Now stare at this photo. How can we derive the red layer without guessing patterns? Well, notice that the $n$th red layer consists of $n^2 - (n - 1)^2$ squares, which with a bit of algebra gives $2n - 1$ squares, precisely the summed term $2k - 1$ you got. Indeed, if we add up the first $n$ red layers, we will get the entire $n$th square.
With this, we can derive a similar formula for $n^3$. Consider an abstract object (also known as a "cube") with $n^3$ "units" in the $n$th picture. The corresponding red layer will consist of
$$n^3 - \underbrace{(n - 1)^3}_{\text{previous layer (blue tiles)}} = n^3 - (n^3 - 3n^2 + 3n - 1) = 3n^2 - 3n + 1$$
What this means is that if we sum up $\sum_{k=1}^n (3k^2-3k+1)$, we will get $n^3$. In other words,
$$n^3 = \sum_{k=1}^n 3k^2-3k+1$$
This also explains why you couldn't find a linear summing pattern for $n^3$ - it does not exist!
In general, sum of degree $n$ polynomials will give a degree $n + 1$ polynomial - read more about Faulhaber's formula.
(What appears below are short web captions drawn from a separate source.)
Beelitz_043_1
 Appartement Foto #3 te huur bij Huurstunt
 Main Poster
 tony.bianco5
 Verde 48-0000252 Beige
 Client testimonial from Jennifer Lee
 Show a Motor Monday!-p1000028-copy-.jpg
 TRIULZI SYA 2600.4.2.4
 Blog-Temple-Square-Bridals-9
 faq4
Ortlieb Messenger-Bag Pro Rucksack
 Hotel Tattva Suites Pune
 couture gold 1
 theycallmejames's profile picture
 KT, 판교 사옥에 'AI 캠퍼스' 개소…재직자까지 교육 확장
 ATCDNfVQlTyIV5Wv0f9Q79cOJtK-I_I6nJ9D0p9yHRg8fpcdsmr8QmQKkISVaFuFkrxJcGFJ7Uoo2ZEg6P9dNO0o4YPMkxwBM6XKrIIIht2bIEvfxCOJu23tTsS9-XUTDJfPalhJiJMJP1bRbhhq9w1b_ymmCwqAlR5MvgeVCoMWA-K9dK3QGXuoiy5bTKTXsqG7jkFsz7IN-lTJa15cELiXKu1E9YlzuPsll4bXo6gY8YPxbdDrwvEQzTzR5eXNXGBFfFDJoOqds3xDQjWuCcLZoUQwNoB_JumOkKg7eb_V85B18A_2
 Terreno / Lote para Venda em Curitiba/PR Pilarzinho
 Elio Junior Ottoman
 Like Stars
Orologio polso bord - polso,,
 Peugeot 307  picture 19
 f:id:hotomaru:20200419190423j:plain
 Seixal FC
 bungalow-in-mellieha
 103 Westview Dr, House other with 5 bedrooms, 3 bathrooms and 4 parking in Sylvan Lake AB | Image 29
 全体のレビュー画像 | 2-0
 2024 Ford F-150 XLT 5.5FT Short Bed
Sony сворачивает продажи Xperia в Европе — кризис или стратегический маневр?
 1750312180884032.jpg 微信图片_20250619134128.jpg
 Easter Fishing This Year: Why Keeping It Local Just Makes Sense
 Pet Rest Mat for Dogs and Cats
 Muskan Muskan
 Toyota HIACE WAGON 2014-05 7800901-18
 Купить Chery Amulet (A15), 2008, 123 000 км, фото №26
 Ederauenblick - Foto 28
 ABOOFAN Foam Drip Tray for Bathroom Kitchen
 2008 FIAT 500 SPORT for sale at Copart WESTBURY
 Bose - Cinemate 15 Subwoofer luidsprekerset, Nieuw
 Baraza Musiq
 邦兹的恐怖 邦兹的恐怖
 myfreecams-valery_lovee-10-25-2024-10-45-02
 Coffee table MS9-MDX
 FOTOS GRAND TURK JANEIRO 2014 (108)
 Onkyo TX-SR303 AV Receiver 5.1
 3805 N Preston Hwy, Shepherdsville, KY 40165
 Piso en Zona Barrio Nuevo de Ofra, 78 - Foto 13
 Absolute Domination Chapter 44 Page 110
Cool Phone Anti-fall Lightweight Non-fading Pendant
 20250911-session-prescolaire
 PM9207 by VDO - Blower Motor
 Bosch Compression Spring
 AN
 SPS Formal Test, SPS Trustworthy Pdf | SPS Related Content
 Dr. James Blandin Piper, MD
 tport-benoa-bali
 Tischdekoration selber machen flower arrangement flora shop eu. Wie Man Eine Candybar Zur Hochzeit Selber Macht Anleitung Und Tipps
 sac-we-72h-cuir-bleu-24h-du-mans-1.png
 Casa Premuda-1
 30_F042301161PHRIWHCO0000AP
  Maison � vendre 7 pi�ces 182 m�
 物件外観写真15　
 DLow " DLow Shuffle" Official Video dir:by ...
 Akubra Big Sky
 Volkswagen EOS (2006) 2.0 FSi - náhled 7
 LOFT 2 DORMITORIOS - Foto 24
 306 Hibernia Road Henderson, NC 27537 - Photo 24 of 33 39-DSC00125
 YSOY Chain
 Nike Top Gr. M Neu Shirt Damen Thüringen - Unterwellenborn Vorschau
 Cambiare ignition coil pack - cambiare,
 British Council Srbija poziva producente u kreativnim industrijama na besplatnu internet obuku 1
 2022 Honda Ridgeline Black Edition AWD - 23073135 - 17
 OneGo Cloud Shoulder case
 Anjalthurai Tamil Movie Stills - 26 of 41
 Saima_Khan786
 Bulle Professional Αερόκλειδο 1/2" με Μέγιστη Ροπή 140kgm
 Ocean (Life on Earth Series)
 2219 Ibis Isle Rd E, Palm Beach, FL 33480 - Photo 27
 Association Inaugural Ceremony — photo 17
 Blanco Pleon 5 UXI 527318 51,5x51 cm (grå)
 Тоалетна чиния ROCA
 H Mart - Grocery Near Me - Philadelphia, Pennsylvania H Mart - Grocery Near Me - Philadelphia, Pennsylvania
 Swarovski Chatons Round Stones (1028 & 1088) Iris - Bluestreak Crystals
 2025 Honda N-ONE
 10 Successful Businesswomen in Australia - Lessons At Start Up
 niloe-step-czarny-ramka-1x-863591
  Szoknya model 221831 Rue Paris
A: Here is a different summation that handles not just squares and cubes, but higher powers as well. It works by using carefully selected indices of summation, rather than trying to find a sum that runs from $1$ to $n$. The following formula describes a sequence of $n$ consecutive odd numbers that sum to $n^k$ for any $n,k$:
$$\sum_{i=\frac{n^{k-1}-n}{2}+1}^{\frac{n^{k-1}+n}{2}}(2i-1)$$
The sum contains $n$ members whose average value is $n^{k-1}$; hence the sum is $n\cdot n^{k-1}=n^k$
If you set $k=2$, this reduces to the observation you have made.
$$\sum_{i=1}^{n}(2i-1)$$
The pattern obtained for cubes is interesting and unique:
$$1^3=1 \\2^3=3+5 \\3^3=7+9+11 \\4^3=13+15+17+19 \\\dots$$
For both squares and cubes, every odd number is an addend in at least one sum. This is not the case for higher powers.